DATA SECTION:
━━━━━━━━━━━━━━━━━━━━━━━━━━━━━━
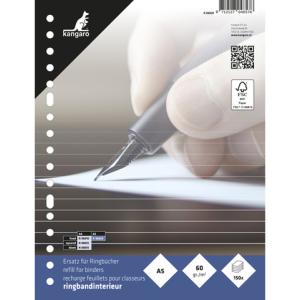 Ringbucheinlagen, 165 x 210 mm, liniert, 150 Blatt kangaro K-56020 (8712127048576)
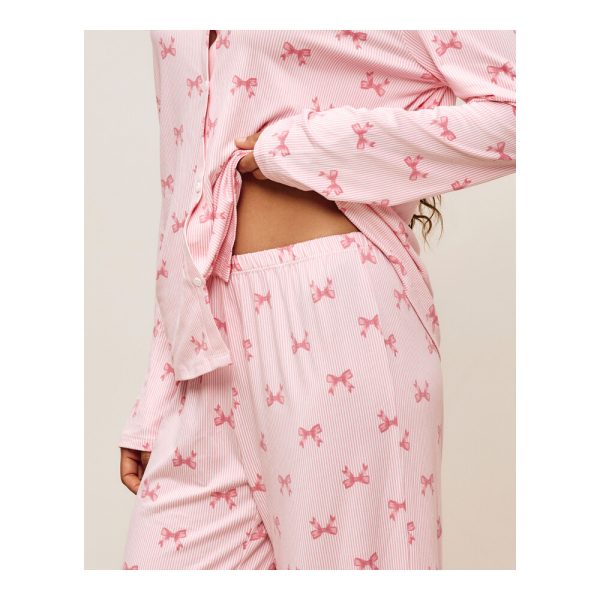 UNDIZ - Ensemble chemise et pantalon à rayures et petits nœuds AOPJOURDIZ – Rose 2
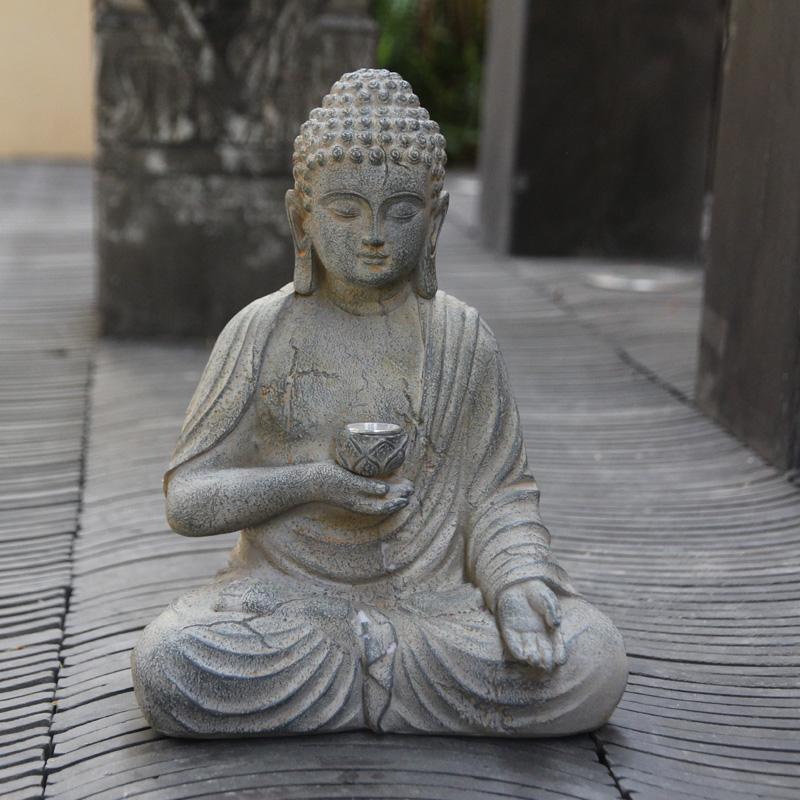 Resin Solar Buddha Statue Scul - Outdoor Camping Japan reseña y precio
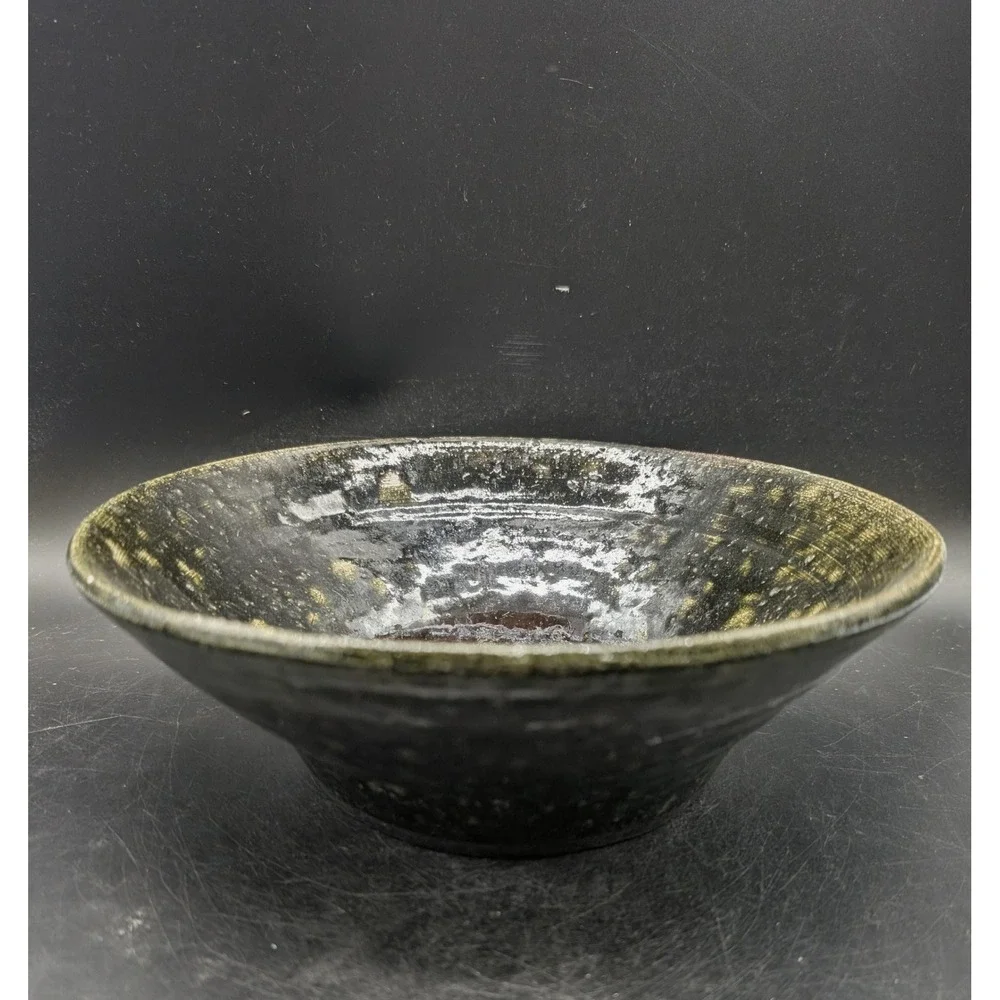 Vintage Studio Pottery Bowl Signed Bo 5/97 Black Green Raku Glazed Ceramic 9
━━━━━━━━━━━━━━━━━━━━━━━━━━━━━━
ASSIGNED TASK: Repeat the data exactly. Pictures should not appear.

EXPECTED OUTPUT:
 Ringbucheinlagen, 165 x 210 mm, liniert, 150 Blatt kangaro K-56020 (8712127048576)
 UNDIZ - Ensemble chemise et pantalon à rayures et petits nœuds AOPJOURDIZ – Rose 2
 Resin Solar Buddha Statue Scul - Outdoor Camping Japan reseña y precio
 Vintage Studio Pottery Bowl Signed Bo 5/97 Black Green Raku Glazed Ceramic 9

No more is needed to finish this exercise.